:: Brief ::
Please return the data that follows precisely as written, but without the images.
[Data segment]
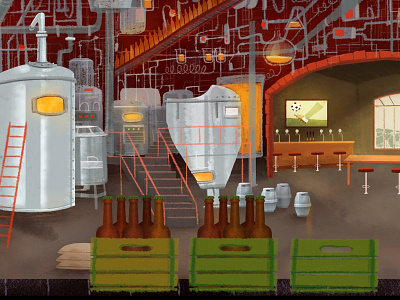 Travel Portland: Brewery animation background background art beer beer art brewery design environment illustration portland soccer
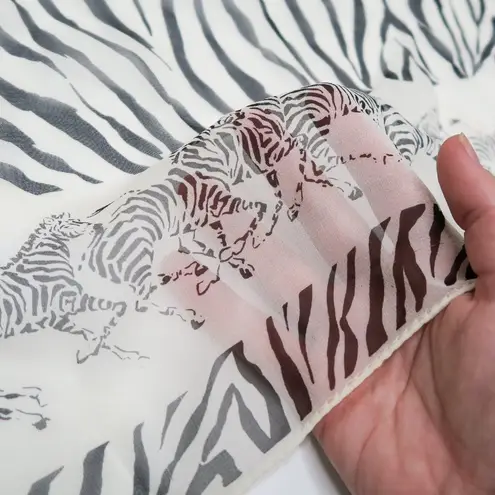 Vintage Running Zebras Sheer Chiffon Square Scarf Wraps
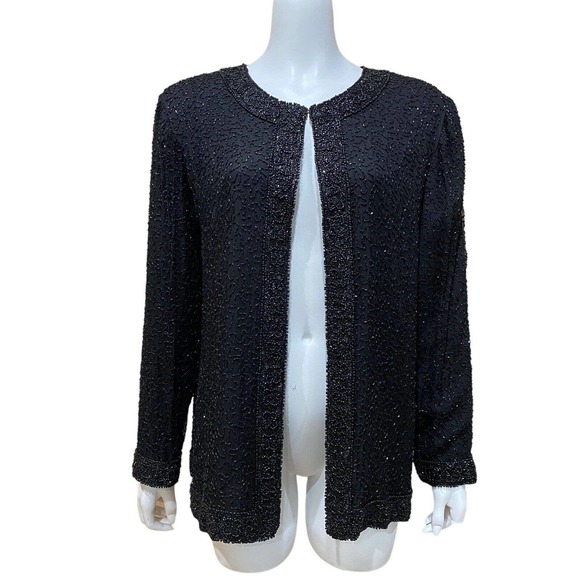Laurence Kazar Beaded Silk Blazer Cocktail Jacket - Picture 1 of 9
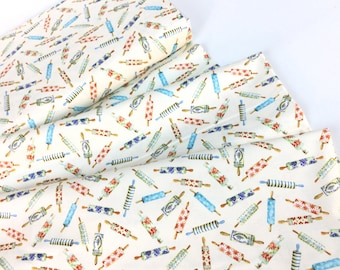 Rockin' and Rollin' Cream Fabric ~ BAKE SALE by Louise Nisbe for Michael Miller, 100% Quilting Cotton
[/Data segment]
:: Solution for this exercise ::
 Travel Portland: Brewery animation background background art beer beer art brewery design environment illustration portland soccer
 Vintage Running Zebras Sheer Chiffon Square Scarf Wraps
Laurence Kazar Beaded Silk Blazer Cocktail Jacket - Picture 1 of 9
 Rockin' and Rollin' Cream Fabric ~ BAKE SALE by Louise Nisbe for Michael Miller, 100% Quilting Cotton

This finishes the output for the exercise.